* _Task goal_: Begin at the line below that holds "Baked sushi with crab" and end at the line that holds "Áo sơ mi trung niên", transcribing each line exactly and skipping any picture.

* _Material provided_:
***
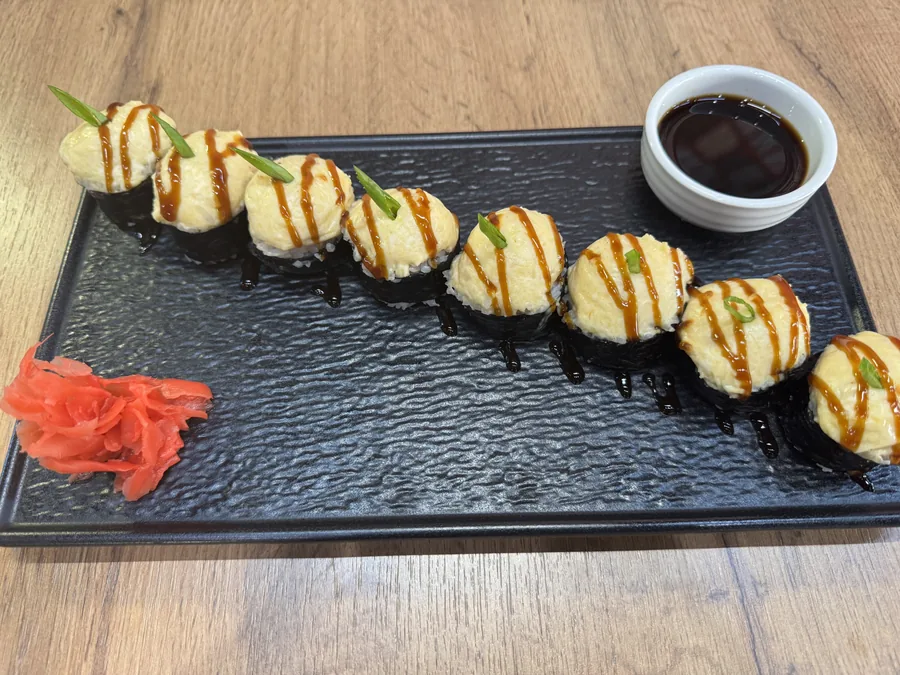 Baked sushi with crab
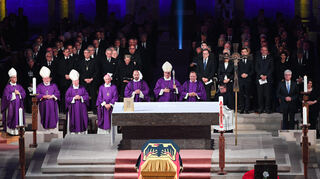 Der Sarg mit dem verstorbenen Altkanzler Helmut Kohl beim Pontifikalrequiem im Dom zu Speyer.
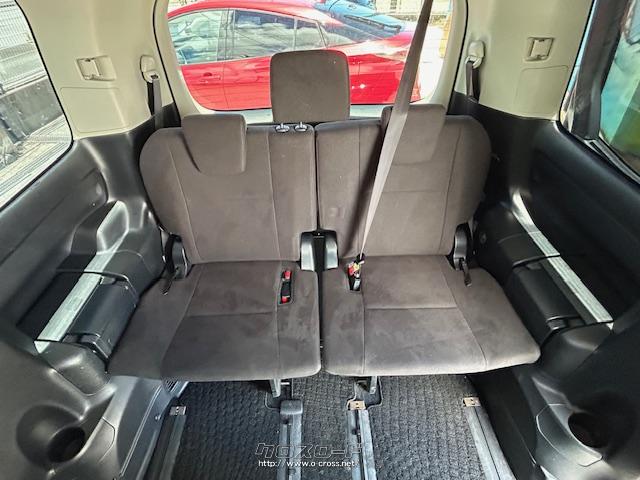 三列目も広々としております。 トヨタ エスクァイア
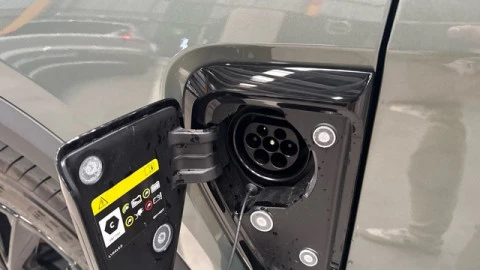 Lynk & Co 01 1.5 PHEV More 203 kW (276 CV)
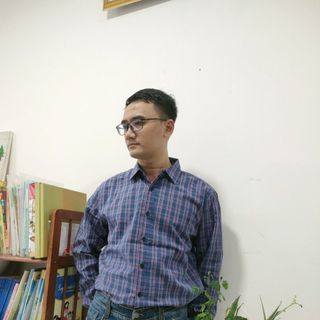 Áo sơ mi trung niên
***
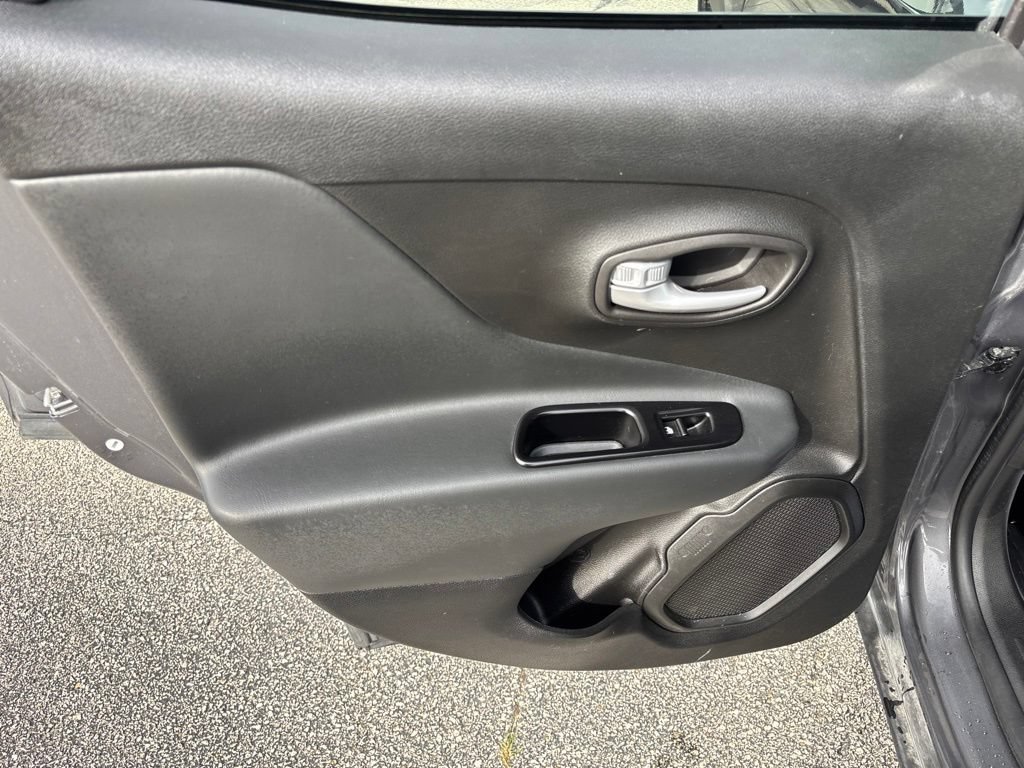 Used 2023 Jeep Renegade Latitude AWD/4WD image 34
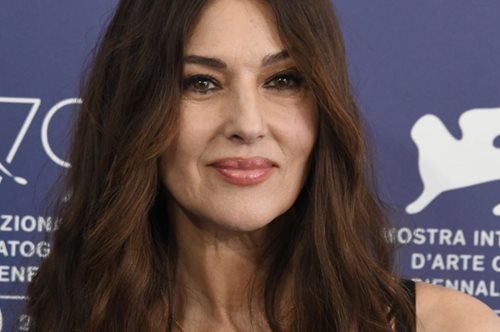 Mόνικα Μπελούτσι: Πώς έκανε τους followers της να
***
* _Expected answer_:
 Baked sushi with crab
 Der Sarg mit dem verstorbenen Altkanzler Helmut Kohl beim Pontifikalrequiem im Dom zu Speyer.
 三列目も広々としております。 トヨタ エスクァイア
 Lynk & Co 01 1.5 PHEV More 203 kW (276 CV)
 Áo sơ mi trung niên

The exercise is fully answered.